For example, if I am in the office on a Linux machine and want to work
on a paper for a class, I can just open up the file and start typing.
Before I leave, I simply synchronize that directory to my server. Then
when I get home, I run synchronize on my Mac and continue working on my
paper. If I feel like watching TV later while continuing to work, I can
simply switch to using my Windows laptop. Then I can finish up final
edits at the office the next morning on my Linux box. By the time I am
done for the night, not only have I edited the same paper on three
different computers without the hassle of emailing copies to myself, but
I have three identical copies of it so that if any one of my computers
blows up, I can still turn in my paper on time. Unison has allowed me
to have the peace of mind that comes with having my files seamlessly
backed-up while I am working on them and also the freedom of being able
to do my work wherever and whenever is convenient.

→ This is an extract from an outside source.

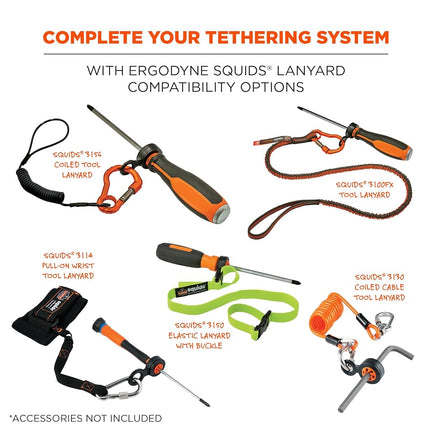 Hand Tool Attachment Slips, Easy Slide On Design, Connects to Tool Lanyards, Squids 3740, Variety Pack, 4-Pack,Black & Orange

This document describes some of the benefits of using Unison and
provides some tips on doing so, although it is not meant to be a
comprehensive how-to guide or user
manual. Please email me (contact info) if you have any
questions, comments, or suggestions.
The Benefits of Unison
Liberation from a particular machine or operating system: This
is perhaps the most practical and visible advantage of using Unison in
your daily computing life. If you can have access to your files from
any machine that you use (and assuming that you have programs on each
machine that can utilize these files), then it really doesn't matter
which one you use. Furthermore, if you can put custom configuration
files for your shell or applications in your Unison hierarchy and
simply use symlinks to refer to these copies on every computer that
you use, then you can have a uniform working environment. For
example, I use the BASH shell on every computer, whether it be Windows
XP with Cygwin, Mac OS X, FreeBSD, or whatever Linux is in front of me
at the moment. I have a common BASH configuration file shared by all
machines, and files particular to each machine. My prompt looks the
same on all machines, and I can use all of the same aliases and shell
functions. When I find a cool BASH function when browsing the
Internet at work, I can simply add it to my common BASH config file,
sync. it, and when I get home at night, I can access that same
function on my home machine. This freedom allows you to transcend the
incessant bickering over which operating system is better: you can use
whatever OS has the programs you want for some particular application,
or simply whatever OS is in front of you at the moment.
Live backups via file replication: Your personal data
(documents, photographs, emails, etc...) is the most valuable
component in your interaction with computers, because it can be
irreplaceable if lost. As I have mentioned in my Backup Quick Tips mini-article, data
backup is something that everybody should do, but unfortunately, few
people do it on a regular basis. In contrast to traditional backup
methods, the great benefit of using Unison to replicate your files
across different computers is that your backups are alive. They are
not sitting on some archive tape in the basement; they are on the hard
drives of each and every computer you use.
Seamless control and verification of backups: By synchronizing
your Unison file replicas, you are the one who controls your backups
so that you can be confident that they are being performed correctly.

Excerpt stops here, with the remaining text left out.